* _Your objective_: When you reply, transcribe every line of the data below exactly.

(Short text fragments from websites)
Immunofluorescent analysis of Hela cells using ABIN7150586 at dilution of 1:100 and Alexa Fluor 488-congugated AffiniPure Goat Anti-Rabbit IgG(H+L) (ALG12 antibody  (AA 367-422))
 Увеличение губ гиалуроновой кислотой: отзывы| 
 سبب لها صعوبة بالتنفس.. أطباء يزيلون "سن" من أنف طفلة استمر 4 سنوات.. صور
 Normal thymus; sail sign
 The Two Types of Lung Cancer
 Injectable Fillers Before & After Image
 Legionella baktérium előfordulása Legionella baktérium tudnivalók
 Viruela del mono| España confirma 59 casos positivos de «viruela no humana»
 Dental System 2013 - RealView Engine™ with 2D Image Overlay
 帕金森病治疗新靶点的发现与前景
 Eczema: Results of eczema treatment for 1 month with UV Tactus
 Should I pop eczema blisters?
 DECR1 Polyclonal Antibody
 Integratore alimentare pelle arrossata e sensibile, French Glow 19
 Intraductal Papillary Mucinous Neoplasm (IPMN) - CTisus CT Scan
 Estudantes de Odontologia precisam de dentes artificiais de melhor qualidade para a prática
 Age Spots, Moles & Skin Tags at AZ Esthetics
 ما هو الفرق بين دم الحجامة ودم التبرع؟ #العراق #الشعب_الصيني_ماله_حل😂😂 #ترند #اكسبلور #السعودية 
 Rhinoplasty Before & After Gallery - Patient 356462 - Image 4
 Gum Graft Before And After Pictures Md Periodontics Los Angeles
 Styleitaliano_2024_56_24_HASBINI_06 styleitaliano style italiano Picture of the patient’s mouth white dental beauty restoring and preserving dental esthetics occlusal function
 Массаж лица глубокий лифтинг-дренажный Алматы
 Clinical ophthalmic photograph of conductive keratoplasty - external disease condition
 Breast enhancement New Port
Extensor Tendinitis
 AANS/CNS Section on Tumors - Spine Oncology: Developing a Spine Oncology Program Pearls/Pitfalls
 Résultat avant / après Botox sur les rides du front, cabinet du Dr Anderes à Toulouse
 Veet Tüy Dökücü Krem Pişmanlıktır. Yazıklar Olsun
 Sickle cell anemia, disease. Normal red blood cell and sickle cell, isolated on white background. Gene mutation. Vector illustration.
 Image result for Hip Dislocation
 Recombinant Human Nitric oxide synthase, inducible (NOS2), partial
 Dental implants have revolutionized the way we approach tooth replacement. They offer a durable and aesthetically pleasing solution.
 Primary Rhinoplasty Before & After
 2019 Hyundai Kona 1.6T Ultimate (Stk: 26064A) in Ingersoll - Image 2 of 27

* _Result of this exercise_:
Immunofluorescent analysis of Hela cells using ABIN7150586 at dilution of 1:100 and Alexa Fluor 488-congugated AffiniPure Goat Anti-Rabbit IgG(H+L) (ALG12 antibody  (AA 367-422))
 Увеличение губ гиалуроновой кислотой: отзывы| 
 سبب لها صعوبة بالتنفس.. أطباء يزيلون "سن" من أنف طفلة استمر 4 سنوات.. صور
 Normal thymus; sail sign
 The Two Types of Lung Cancer
 Injectable Fillers Before & After Image
 Legionella baktérium előfordulása Legionella baktérium tudnivalók
 Viruela del mono| España confirma 59 casos positivos de «viruela no humana»
 Dental System 2013 - RealView Engine™ with 2D Image Overlay
 帕金森病治疗新靶点的发现与前景
 Eczema: Results of eczema treatment for 1 month with UV Tactus
 Should I pop eczema blisters?
 DECR1 Polyclonal Antibody
 Integratore alimentare pelle arrossata e sensibile, French Glow 19
 Intraductal Papillary Mucinous Neoplasm (IPMN) - CTisus CT Scan
 Estudantes de Odontologia precisam de dentes artificiais de melhor qualidade para a prática
 Age Spots, Moles & Skin Tags at AZ Esthetics
 ما هو الفرق بين دم الحجامة ودم التبرع؟ #العراق #الشعب_الصيني_ماله_حل😂😂 #ترند #اكسبلور #السعودية 
 Rhinoplasty Before & After Gallery - Patient 356462 - Image 4
 Gum Graft Before And After Pictures Md Periodontics Los Angeles
 Styleitaliano_2024_56_24_HASBINI_06 styleitaliano style italiano Picture of the patient’s mouth white dental beauty restoring and preserving dental esthetics occlusal function
 Массаж лица глубокий лифтинг-дренажный Алматы
 Clinical ophthalmic photograph of conductive keratoplasty - external disease condition
 Breast enhancement New Port
Extensor Tendinitis
 AANS/CNS Section on Tumors - Spine Oncology: Developing a Spine Oncology Program Pearls/Pitfalls
 Résultat avant / après Botox sur les rides du front, cabinet du Dr Anderes à Toulouse
 Veet Tüy Dökücü Krem Pişmanlıktır. Yazıklar Olsun
 Sickle cell anemia, disease. Normal red blood cell and sickle cell, isolated on white background. Gene mutation. Vector illustration.
 Image result for Hip Dislocation
 Recombinant Human Nitric oxide synthase, inducible (NOS2), partial
 Dental implants have revolutionized the way we approach tooth replacement. They offer a durable and aesthetically pleasing solution.
 Primary Rhinoplasty Before & After
 2019 Hyundai Kona 1.6T Ultimate (Stk: 26064A) in Ingersoll - Image 2 of 27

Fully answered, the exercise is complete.